- _Required work_
The line containing "Build-a-Cell seminar George", and every line after it to the end of the listing, should be repeated exactly; the pictures should not.

- _Dataset extract_
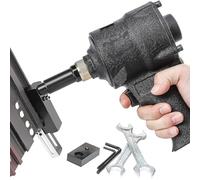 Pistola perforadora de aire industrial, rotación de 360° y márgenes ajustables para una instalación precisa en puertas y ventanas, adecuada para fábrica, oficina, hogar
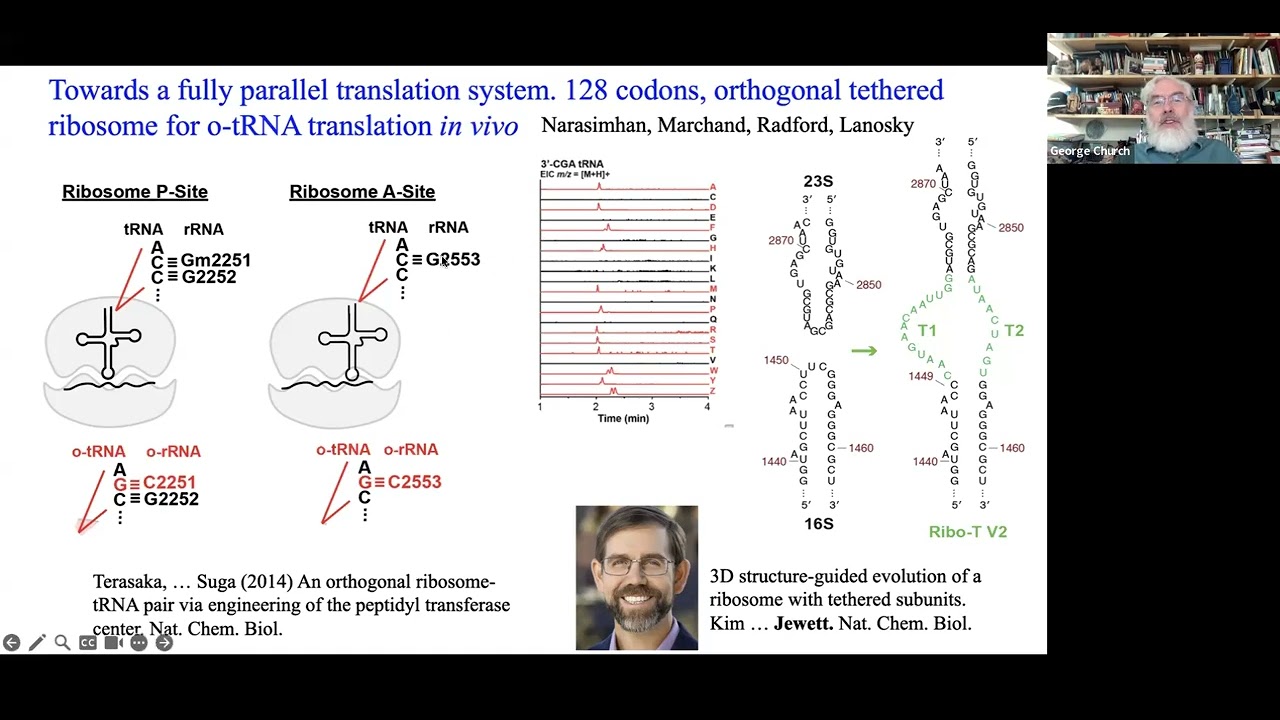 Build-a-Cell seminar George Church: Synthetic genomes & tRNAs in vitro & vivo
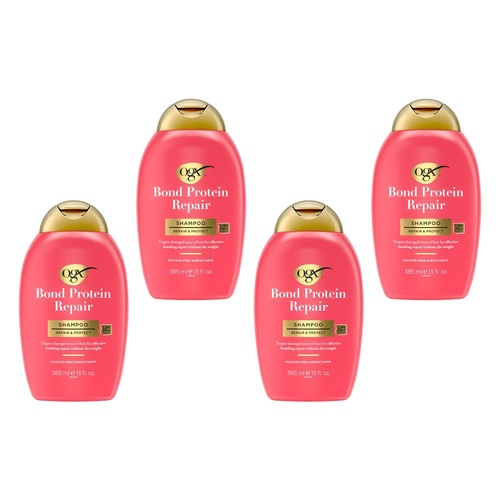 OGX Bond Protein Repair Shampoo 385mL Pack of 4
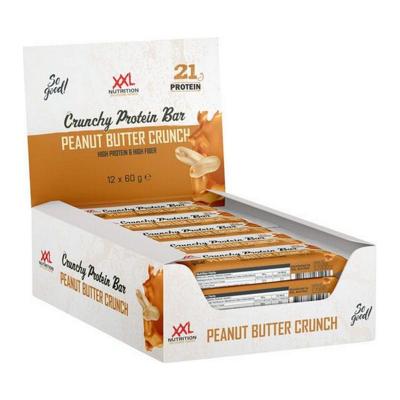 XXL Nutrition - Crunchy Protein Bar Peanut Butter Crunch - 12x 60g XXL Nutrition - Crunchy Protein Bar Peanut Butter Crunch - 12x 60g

- _Exercise output_
 Build-a-Cell seminar George Church: Synthetic genomes & tRNAs in vitro & vivo
 OGX Bond Protein Repair Shampoo 385mL Pack of 4
 XXL Nutrition - Crunchy Protein Bar Peanut Butter Crunch - 12x 60g XXL Nutrition - Crunchy Protein Bar Peanut Butter Crunch - 12x 60g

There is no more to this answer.